Morrocan-born Najim Laachraoui, 24, was identified by law enforcement sources as one of two Islamic terrorists seen pushing suitcase bombs and wearing single "dead man's hand" black gloves - in a surveillance photo. The gloves are believed to have hidden detonators. A third man seen in the photo is believed to have escaped the scene and is being hunted.
Laachraoui is suspected of also making the bomb used in a blast 79 minutes later at a Brussels Metro station, as well as the explosives used to kill 130 in the the Nov. 13, 2015, attacks in Paris.
ISIS has claimed credit for Tuesday's carnage in Brussels.
The announcement came following a day of uncertainty regarding the explosives mastermind. At a midday news conference, Belgian authorities appeared not to know of his fate and he was believed to be the subject of a nationwide dragnet.
Raids on Tuesday night and Wednesday morning uncovered his suspected factory, turning up bomb-making materials in a Schaerbeek apartment, including detonators, nails and 15 kilos of acetone peroxide, a highly unstable chemical which is favored by Islamists because it's easy to make. The chemical also was found in the explosives used in the Paris attack.
Laachraoui was raised in Brussels' Schaerbeek neighborhood, a predominantly Muslim area, according to The Washington Post.
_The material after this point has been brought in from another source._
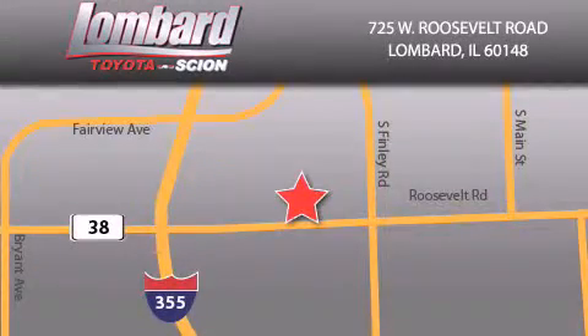Saving feels good every day at Lombard Toyota on Roosevelt Road, just five blocks east of I-355 and at LombardToyota.com.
He's believed to have attended a local Catholic high school where he studied electro-mechanical engineering.
Laachraoui traveled to Syria in February 2013, prosecutors said, and it was not clear when he returned to Europe.
Prosecutors have said Laachraoui played a key role in recruiting and training attackers for ISIS, according to The Wall Street Journal. He was checked by guards at the Austria-Hungary border on Sept. 9 while driving in a Mercedes with Abdeslam and one other person, Belgium's federal prosecutors said in a statement.
Using a false identity, Laachraoui also rented a house under the name of Soufiane Kayal in the Belgian town of Auvelais. That residence was allegedly used as a safe house, where prosecutors said traces of his DNA were found. That same DNA was later found on the Paris explosives. The house was searched Nov. 26.
On Monday, Van Leeuw said officials wanted to interview Laachraoui, who was "someone who must explain himself."
On Tuesday, coordinated terror attacks ripped through Brussels. Investigators reportedly believe attacks already being plotted were expedited in light of Abdeslam's arrest -- and word that he is cooperating with authorities.
Earlier Wednesday, two men suspected of taking part in Tuesday’s bombings were identified as Khalid and Ibrahim El-Bakraoui.
Khalid is believed to have blown himself up on the Metro, an attack which killed at least 20 and injured more than 100, while Ibrahim is believed to have been the other airport bomber. The fourth bomber, the man in the far left of the airport photo pushing a cart next to Ibrahim, has not yet been identified.
The brothers were well-known to police. In a raid Tuesday at Ibrahim's address, Van Leeuw said "there was a paper where he described that he is insecure, that he is lost and he does not know what to do and he might end up in jail."
Both Ibrahim and his brother were Belgian citizens and born in Brussels, authorities said.
A March 15 raid on an apartment rented by Khalid, 27, led to Friday's arrest of Paris attack suspect Salah Abdeslam after one of Abdeslam's fingerprints was discovered in the apartment. Politico Europe, citing a senior Belgian official, reported that Abdeslam was supposed to take part in Tuesday's attacks. The report did not specify what role Abdeslam would have played.
DH reported that in October 2010, Ibrahim, 30, was convicted of shooting at police with a Kalashnikov during an attempted robbery. He was sentenced to nine years in prison. In February 2011, the paper reported, Khalid was sentenced to five years' probation in connection with a string of carjackings.
Turkey said Wednesday that Ibrahim had been detained on the Syrian border last summer, and that Ankara warned Brussels officials that he was a militant before sending him home.